Your goal: Among the entries below, only the lines from the one with "Pandora book cover" through the one with "U Shaped Sofa" are to be retyped, exactly and without pictures.

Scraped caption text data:
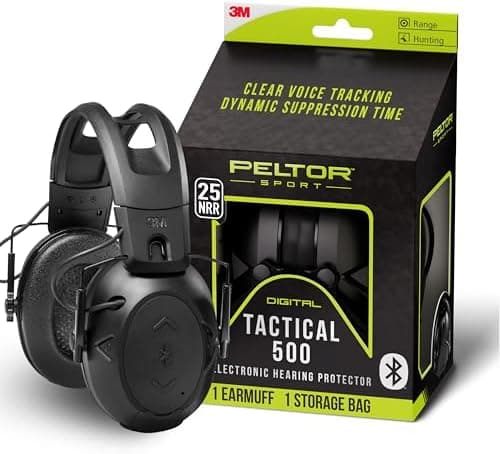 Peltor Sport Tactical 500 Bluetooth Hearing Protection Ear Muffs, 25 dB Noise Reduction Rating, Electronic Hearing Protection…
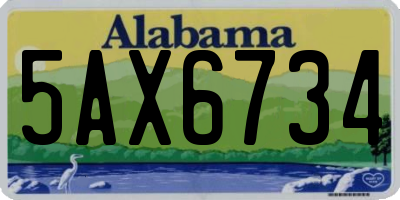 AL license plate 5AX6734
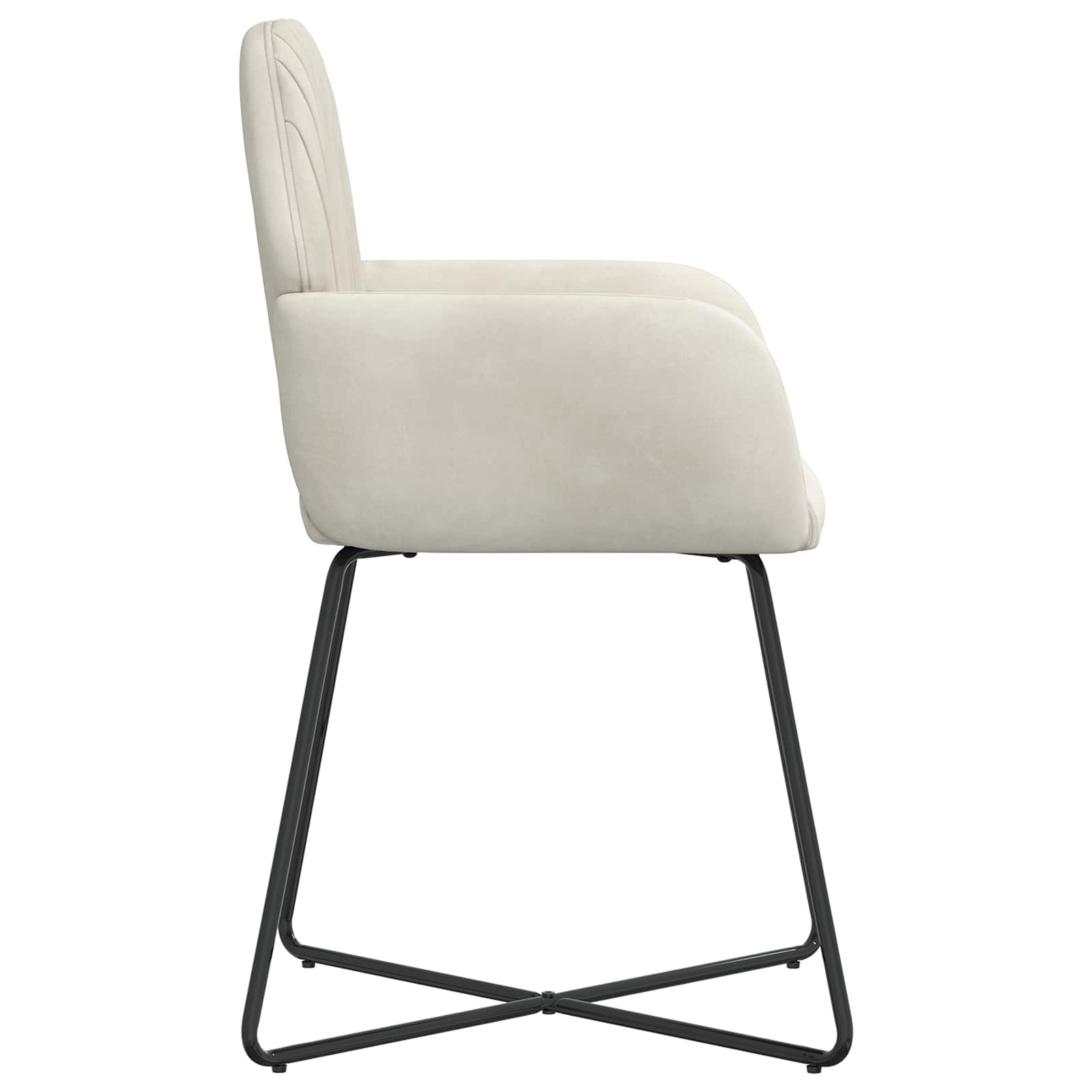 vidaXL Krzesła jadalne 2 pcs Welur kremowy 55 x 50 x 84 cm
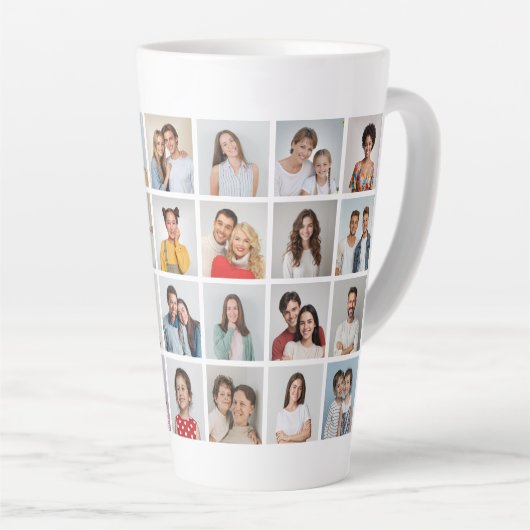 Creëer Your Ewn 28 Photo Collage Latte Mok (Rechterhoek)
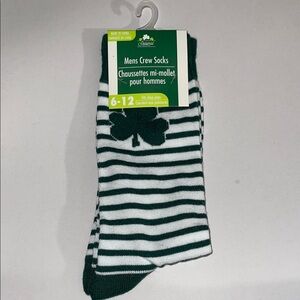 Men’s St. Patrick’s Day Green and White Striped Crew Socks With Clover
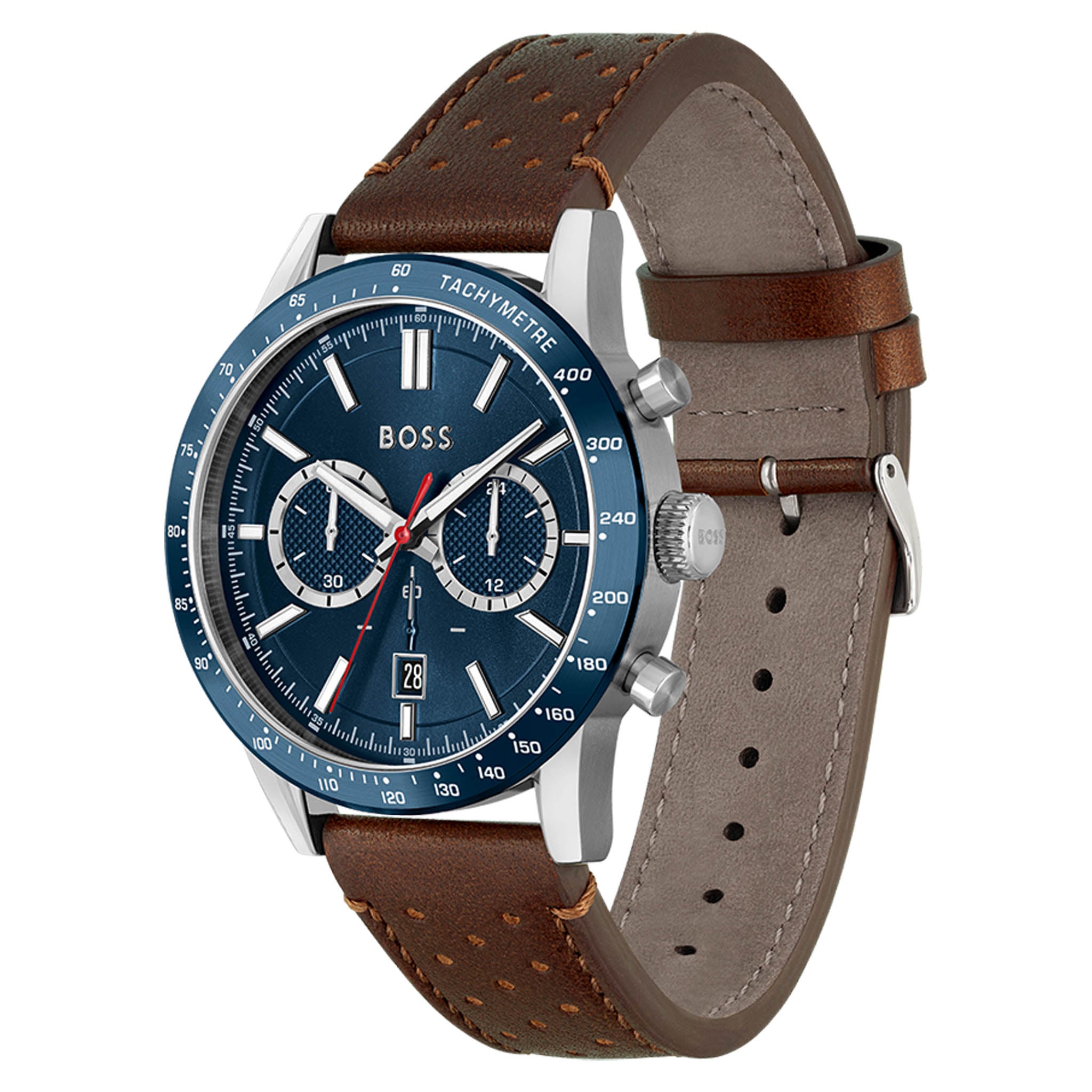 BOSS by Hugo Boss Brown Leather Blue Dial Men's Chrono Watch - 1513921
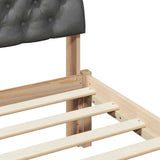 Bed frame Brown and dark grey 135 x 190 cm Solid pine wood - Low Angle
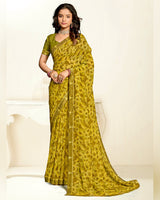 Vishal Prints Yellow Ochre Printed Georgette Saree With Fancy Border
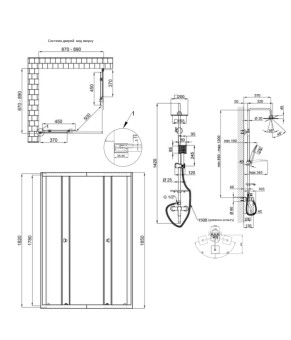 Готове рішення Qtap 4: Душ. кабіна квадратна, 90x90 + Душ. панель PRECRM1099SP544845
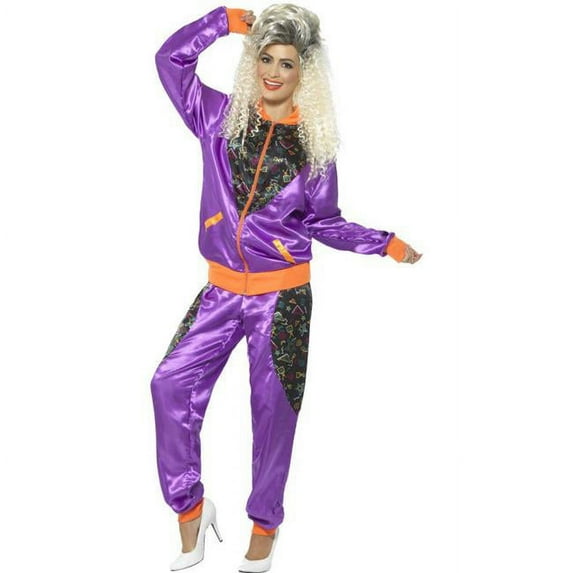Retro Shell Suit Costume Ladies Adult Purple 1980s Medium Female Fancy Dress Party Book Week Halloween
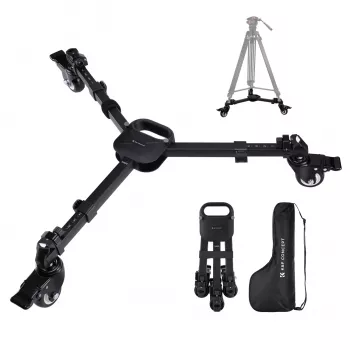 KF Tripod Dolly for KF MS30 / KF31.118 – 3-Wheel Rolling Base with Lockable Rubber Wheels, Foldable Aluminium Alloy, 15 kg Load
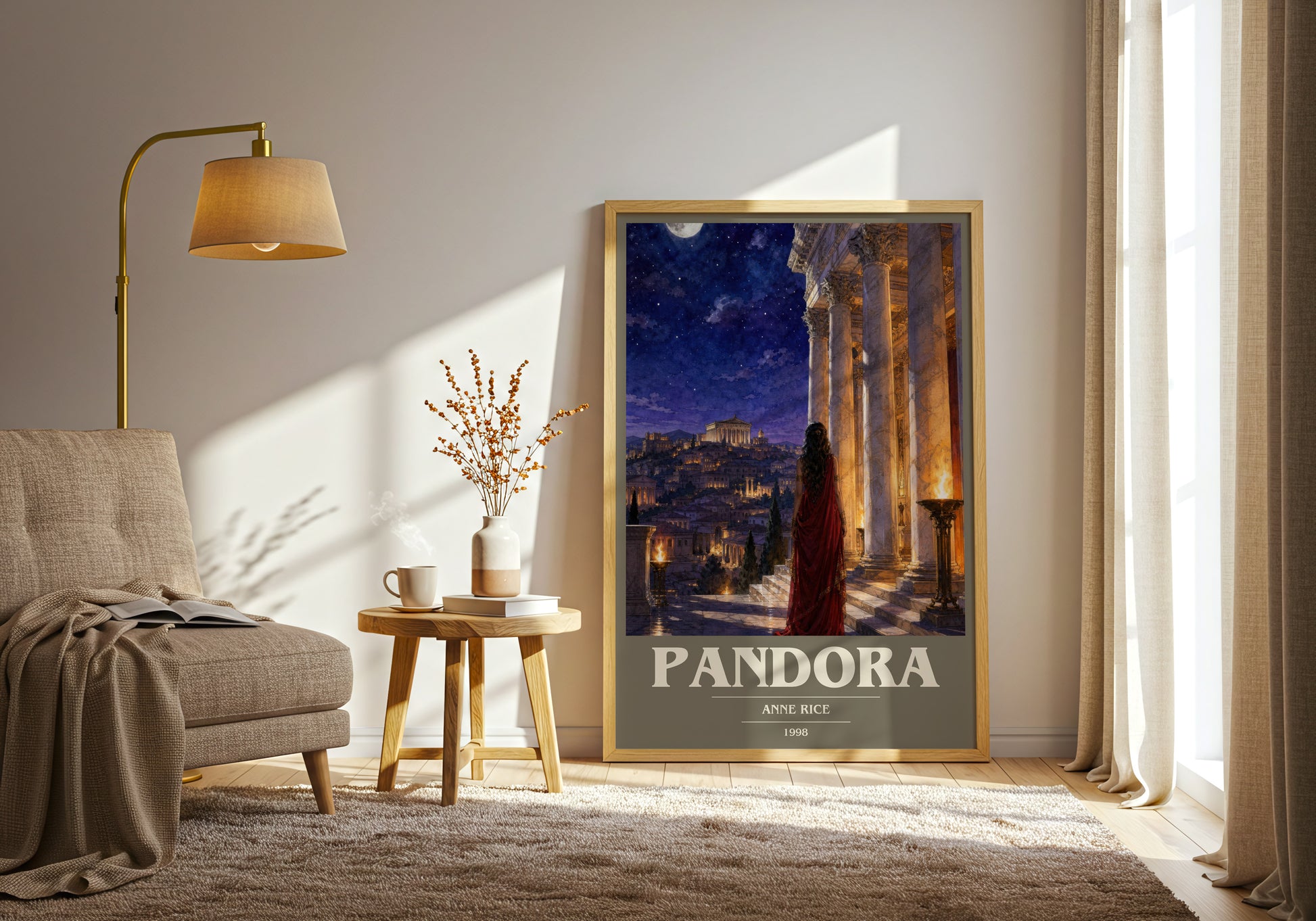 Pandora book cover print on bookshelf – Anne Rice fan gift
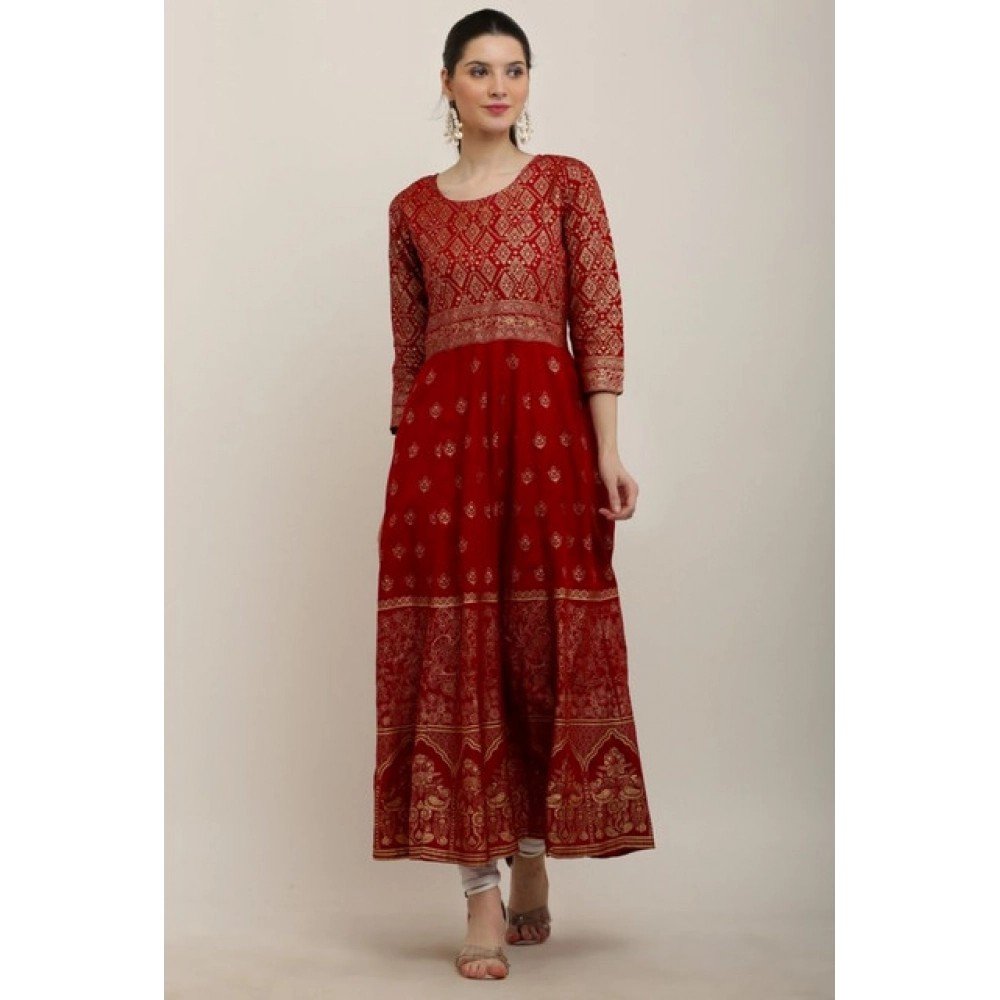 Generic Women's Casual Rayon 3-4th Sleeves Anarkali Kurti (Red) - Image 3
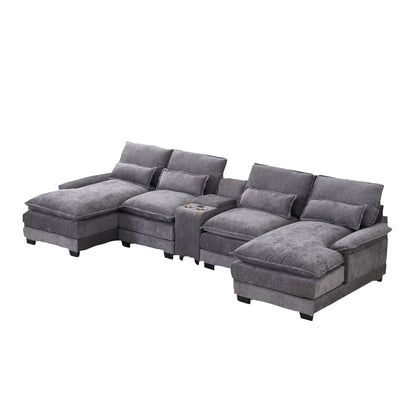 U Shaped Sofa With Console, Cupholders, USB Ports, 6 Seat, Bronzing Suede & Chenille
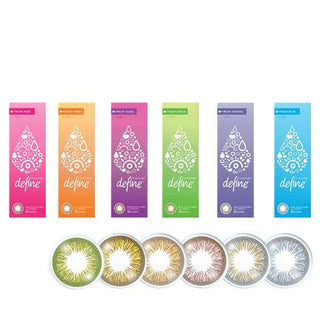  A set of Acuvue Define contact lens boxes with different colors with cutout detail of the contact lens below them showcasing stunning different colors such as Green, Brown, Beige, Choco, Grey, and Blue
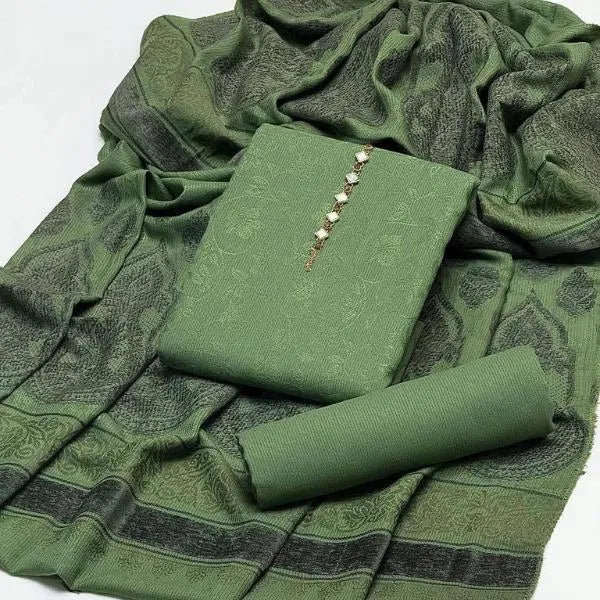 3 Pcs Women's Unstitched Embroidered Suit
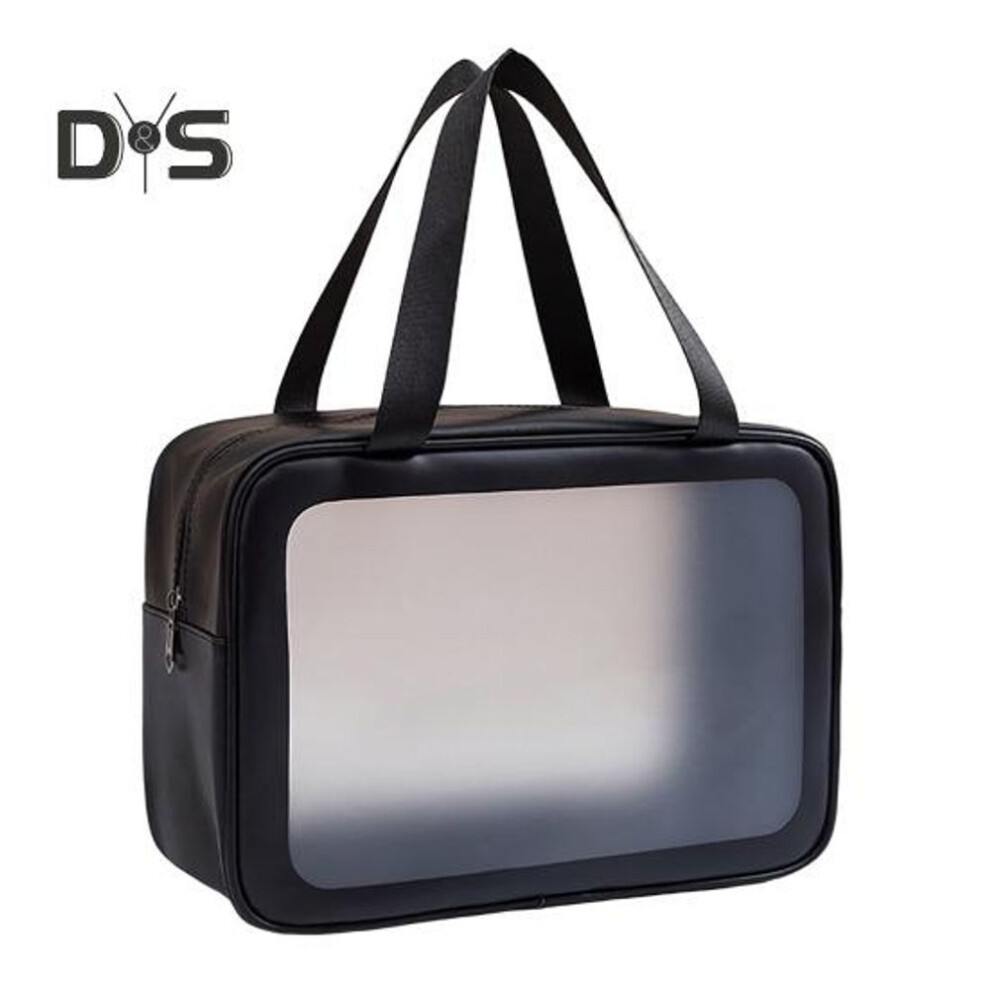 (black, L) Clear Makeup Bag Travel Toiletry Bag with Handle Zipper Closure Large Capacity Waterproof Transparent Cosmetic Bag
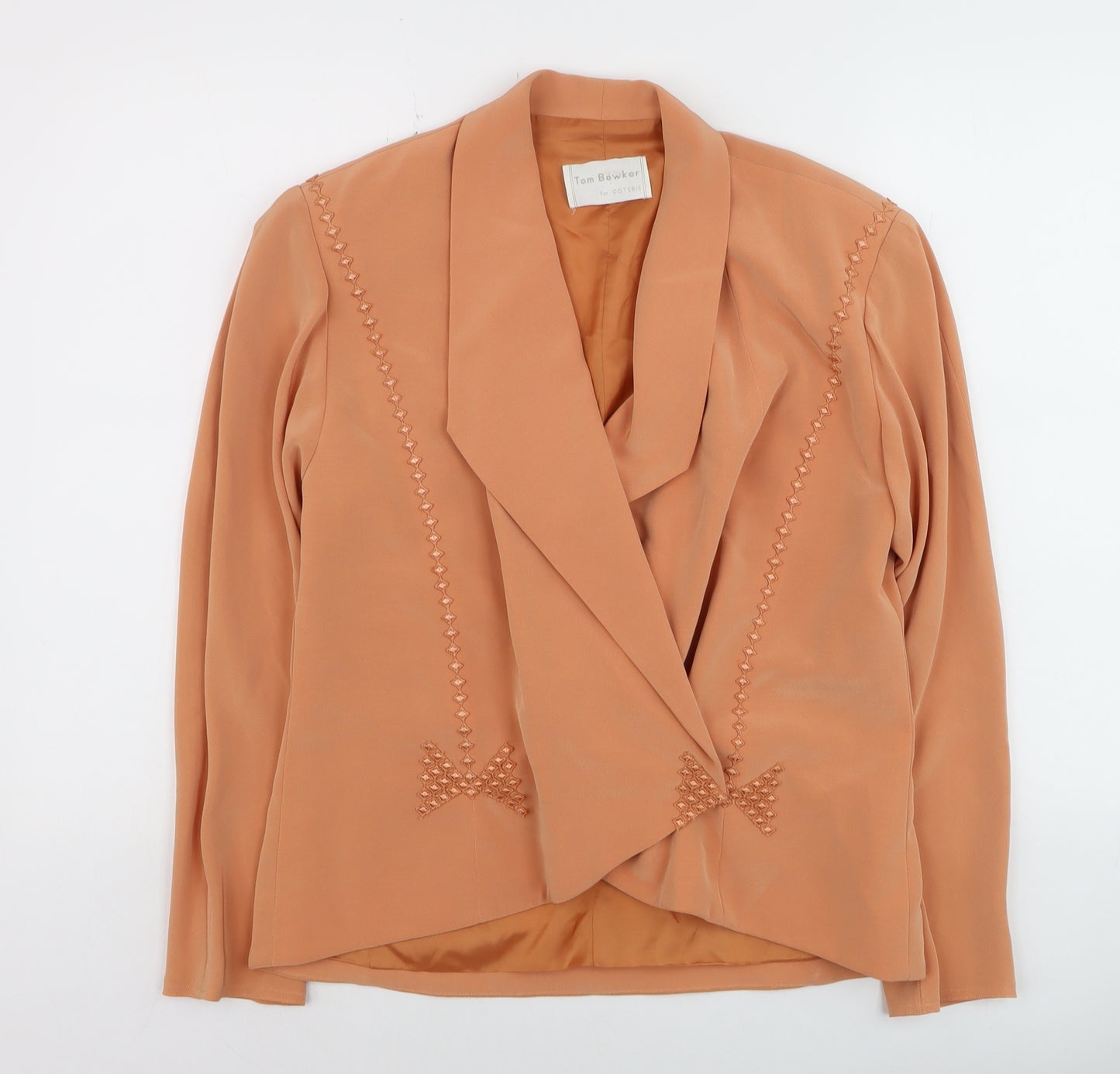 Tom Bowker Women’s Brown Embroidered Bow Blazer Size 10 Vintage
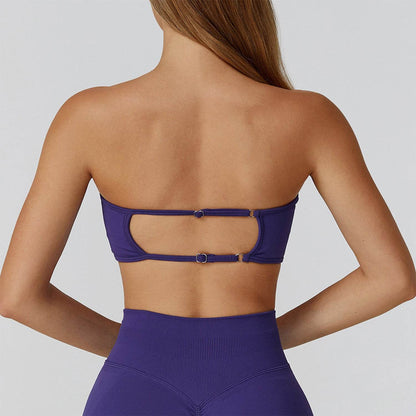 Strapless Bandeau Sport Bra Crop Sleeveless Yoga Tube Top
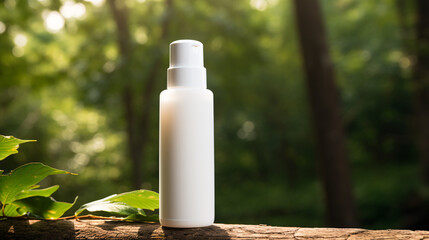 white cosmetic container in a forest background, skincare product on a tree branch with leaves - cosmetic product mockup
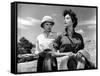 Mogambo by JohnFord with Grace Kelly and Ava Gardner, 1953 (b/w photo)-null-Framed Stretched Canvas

Exercise answer:
 Pandora book cover print on bookshelf – Anne Rice fan gift
 Generic Women's Casual Rayon 3-4th Sleeves Anarkali Kurti (Red) - Image 3
 U Shaped Sofa With Console, Cupholders, USB Ports, 6 Seat, Bronzing Suede & Chenille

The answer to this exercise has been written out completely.